Beaulieu: Is all the data you’re collecting for AI used internally your customer, or does it go to a brain database where everybody can access what you’ve learned about the technology?
Scutchfield: Right now, it’s internal to our systems and what we are doing. As we move forward, and through initiatives such as CFX and Hermes at the show, there’s certainly an opportunity to share that data as we go forward. I think that’s really what the initiative is looking for. Today, we’re using it to make systems as efficient as possible to maximize the functionality of SPI, AOI, and mounters by monitoring placement results, and then feeding the data to the mounter for the nozzle, spindle, feeder, and other related issues. The data will be used to ensure efficiency in those same conditions up and down the line.

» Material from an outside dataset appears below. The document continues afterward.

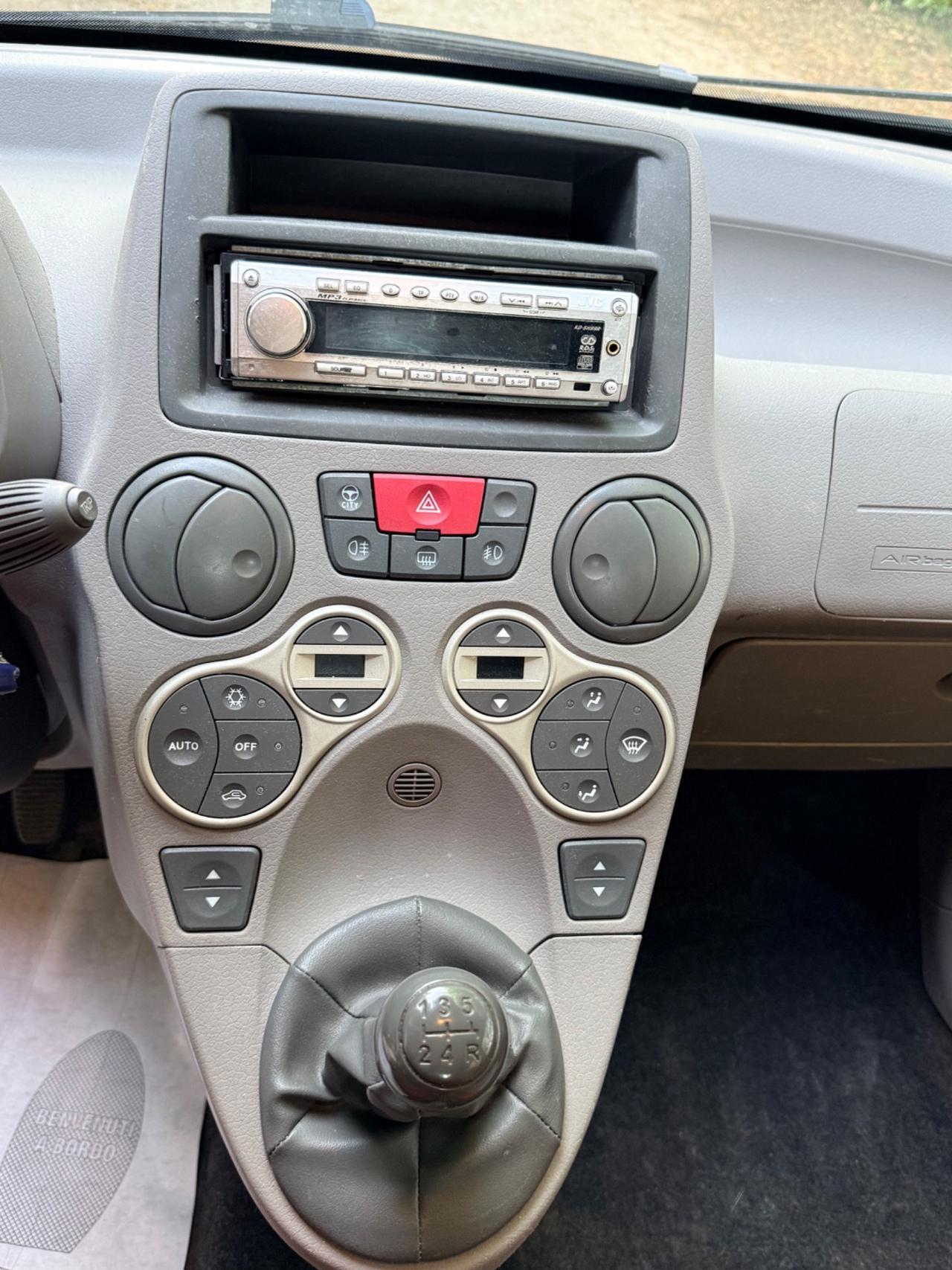 Fiat Panda 4x4 gancio traino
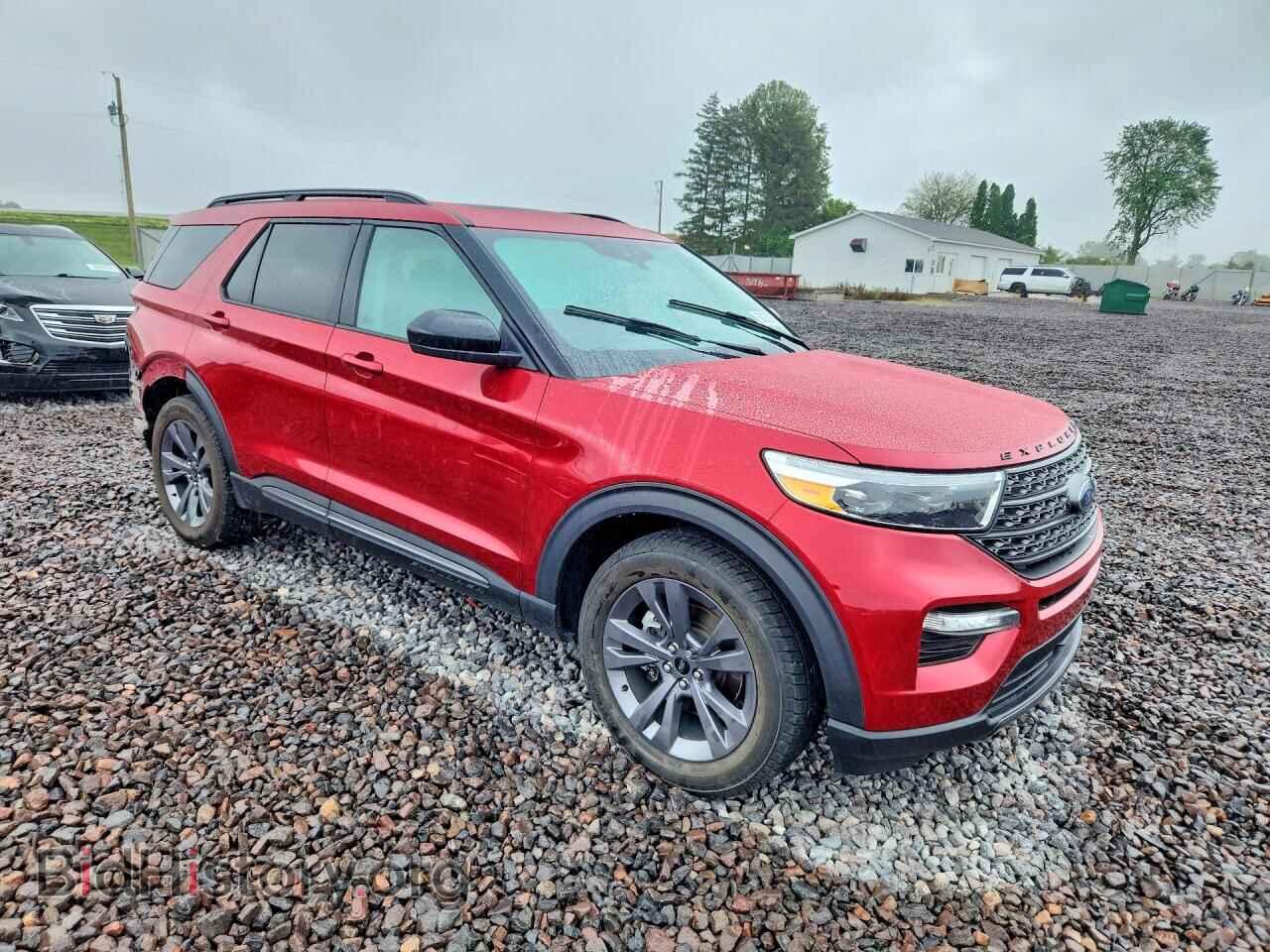 2022 FORD EXPLORER - VIN: 1FMSK8DH5NGB24650 - Фото 4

Beaulieu: So, who do you primarily work with?
Scutchfield: We work with everyone. As the market leader, we have a “who’s who” of partners. We have many early adopters on the SPI side that bring us in early to conversations on what’s coming next that we need to prepare for with SPI or AOI. We have about 54% of the global SPI market, and roughly a third of the global AOI market. We recently celebrated our 13,000th system installation with a customer base spanning automotive, EMS, medical, military, aerospace, industrial, and other sectors.
Beaulieu: Do you use robotics or line measurements?
Scutchfield: We are using robotics in our technology and our approach with the systems, but that’s the extent of it now. In terms of working with robotic systems for load and unload of our systems, definitely. I have some conversations going on right now with a customer that wants to use robotic load and unload in a dual-lane environment.
Beaulieu: I can imagine. I’ve been to companies like GreenSource Fabrication where the whole thing is automated, so it’s going to be your kind of product.
Scutchfield: That’s what we’re going for—full automation from the board build to the back end of the process.
Beaulieu: With 54% SPI market share, how do you stay on top? Do you have people chasing your heels?
Scutchfield: When one out of every two SPI machines sold in the world belongs to Koh Young, we certainly have people chasing us. When you look around this show, you can see it’s a saturated market. I don’t know the exact number of AOI companies represented here, but I think somebody said it’s over 20 companies. So, we must continue to evolve and make improvements to stay on top. Much of this is driven from the smart factory initiative. The use of our KPO tools that involve linking SPC, real-time, and remote monitoring between the AOI and SPI allows the user to have information readily available at any time. It also gives good direction on production status, and how to quickly apply corrections.
With all the big data that’s available—plus the data that we collect—we must be conscious of the amount. We need to boil it down for the user and give them the top-five heavy hitters that would potentially allow them to make immediate, actionable changes. Having a lot of data is great, but being able to manage it is the key, which is what these Koh Young tools are doing.